Authors: Doumbouya, Lisa Michelle;

Accessibility Selection and Frequency-Dependent Transport States in a Nested φ-Shell Routing Architecture

Abstract

This paper investigates whether nested φ-scaled spherical shell architectures coupled to Merkaba-derived routing geometries can generate organized transport behavior, persistence basins, and frequency-dependent accessibility states. A series of computational experiments examined geometric transport, resonance-gated routing, persistence basin formation, external field coupling, and accessibility-frequency relationships. Geometry alone produced stable localization but limited multiscale transport. The introduction of resonance-generated accessibility transitions enabled sequential shell activation, deep-shell transport, and persistence-stable occupancy states. External field coupling revealed frequency-selective accessibility behavior, where substantial field capture could occur without deep-shell activation. Fine and ultra-fine frequency sweeps identified discrete accessibility windows and multiple transport regimes.
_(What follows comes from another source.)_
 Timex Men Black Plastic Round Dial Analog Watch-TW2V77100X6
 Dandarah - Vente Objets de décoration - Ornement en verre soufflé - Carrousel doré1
Comparison with candidate geometric frequency families showed that shell-separation geometry provided the strongest correspondence with the observed accessibility spectrum. The results support an interpretation of the combined φ-shell and Merkaba architecture as an accessibility-selection and transport-routing system rather than a simple field-capture device. Field absorption remained relatively stable across frequency while transport destination and deep-shell occupancy varied significantly, indicating that accessibility activation depends on geometric-resonant organization rather than capture magnitude alone. The study contributes to ongoing investigations of geometric routing architectures, resonance-mediated transport, accessibility selection, persistence basin formation, multiscale transfer, and frequency-dependent transport organization.